Команда Сталина действовала именно так, будто действительно столкнулась с угрозой переворота. Единоначалие в армии было ликвидировано 11 мая, отныне командиры делили власть с членами Военного совета, назначенными партией. Комиссары при командире – верный признак недоверия офицерству. Но провести в жизнь эти меры нельзя было немедленно.
Новое решение Политбюро от 10 мая должно было смешать планы заговорщиков и дать Сталину выигрыш во времени: Тухачевского нужно переместить с поста первого заместителя наркома на пост командующего Приволжским военным округом. Его сменит начальник штаба Егоров, того – начальник Ленинградского военного округа Шапошников, а в Ленинград из Киева переведут Якира. Штатное в общем перемещение, где понижался в должности только Тухачевский. Но при этом сразу несколько военачальников отрывались от «насиженных мест», и даже если заговорщические команды были во всех округах, нужно было время, чтобы восстановить связи. Сталин мог быть уверен, что в ближайший месяц переворота не произойдет.
Якира вызвали в Москву на 8 мая. Он полчаса побеседовал со Сталиным, Молотовым, Кагановичем и Ворошиловым и был отпущен, но ненадолго. Затем Сталин вызвал Ежова, через десять минут – опять Якира. Вряд ли этот второй разговор (уже сорокаминутный) был приятным. После ухода Якира «узкий круг» Политбюро обсуждал ситуацию почти час[469].
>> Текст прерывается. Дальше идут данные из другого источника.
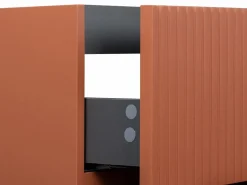 New Vente-unique Mueble de baño con lavabo suspendido y columna, rayado , 120 cm, PAVANI Terracota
Тухачевский в присутствии Молотова, Ворошилова и Кагановича встретился со Сталиным 13 мая. Тот объяснил решение Политбюро. Оказывается, порученец и знакомая Тухачевского были арестованы как враги народа, но со временем все образуется. Война не за горами. Как же без Тухачевского обойтись…
Михаил Николаевич Тухачевский. 1930-е. [Из открытых источников]
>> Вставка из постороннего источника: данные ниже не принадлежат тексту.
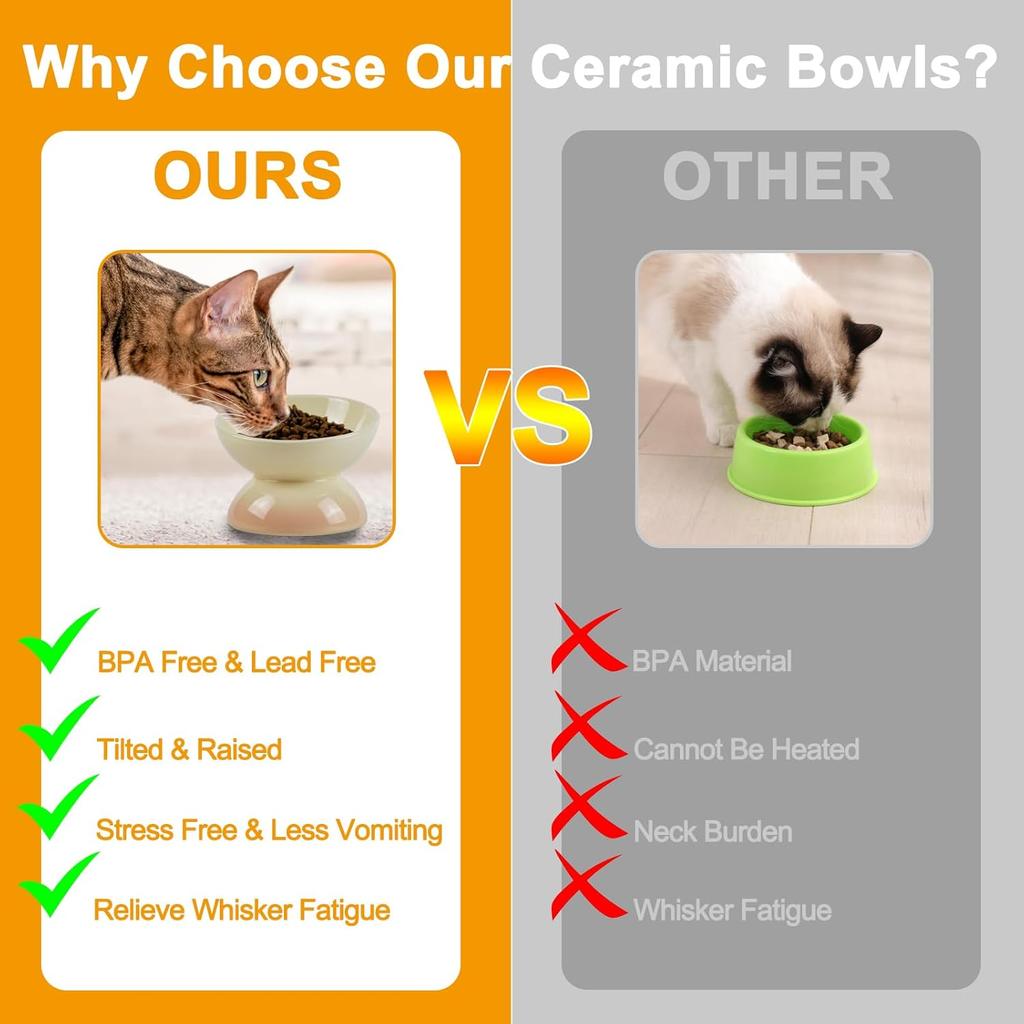 Ceramic Elevated Cat Bowls Tilted Cat Food Bowl Dish Pet Feeder Bowl Dishwasher Microwave Safe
А тем временем арестованные ранее военные давали все новые показания[470]. Способы следствия сегодня вызывают споры. Поначалу было очень рискованно просто выбивать нужные показания – ведь следователям еще не было известно, чем все кончится, а подследственных могли показать влиятельным руководителям. Что как они начнут демонстрировать синяки и раны? Так что трудно поверить, что Тухачевского и других высших руководителей армии сразу после ареста принялись избивать рядовые следователи, а те расплакались и признались в том, чего никогда не делали.
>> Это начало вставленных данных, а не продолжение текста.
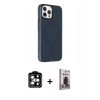MARSİLYAN™- iPhone 15 Pro Max Kılıf Çekirdek Modern Prime - Siyah Bilvis Hayalet Cam Ekran Koruyucu + PVD Metal Kamera Lens - TU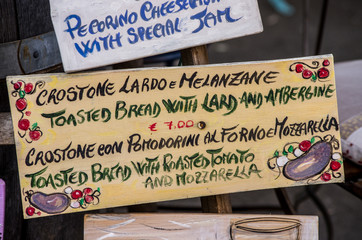Typical handmade food signboard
В течение недели 22–29 мая были арестованы Тухачевский, Якир, Уборевич, Эйдеман. Первые итоги операции Сталин, Молотов, Ворошилов, Каганович и Микоян обсуждали 29 мая. На следующий день было принято решение об отстранении от должности начальника Главного политического управления Гамарника, и 31 мая тот сводит счеты с жизнью. Почему? Ведь накануне с ним беседовал Блюхер и вроде бы уговаривал главного политрука принять участие в суде над арестованными. Если Гамарник был уверен в невиновности арестованных, стоило принять участие в суде, во всем разобраться. Если Гамарник был обычным сталинистом – тем более. Не заметил заговора? Плохо, конечно. Но и Ворошилов проглядел. Он еще в мае не верил, что Тухачевский виновен, в чем признавался на расширенном заседании Военного совета 1–4 июня. Но Ворошилов не застрелился. Не считал себя причастным к раскрытому заговору, не боялся, что на суде вскроются компрометирующие его обстоятельства. Ворошилов торжественно заявляет, что понял свою ошибку и готов действовать: предстоит «проверить и очистить армию буквально до самых последних щелочек… может быть, в количественном отношении мы понесем очень большой урон»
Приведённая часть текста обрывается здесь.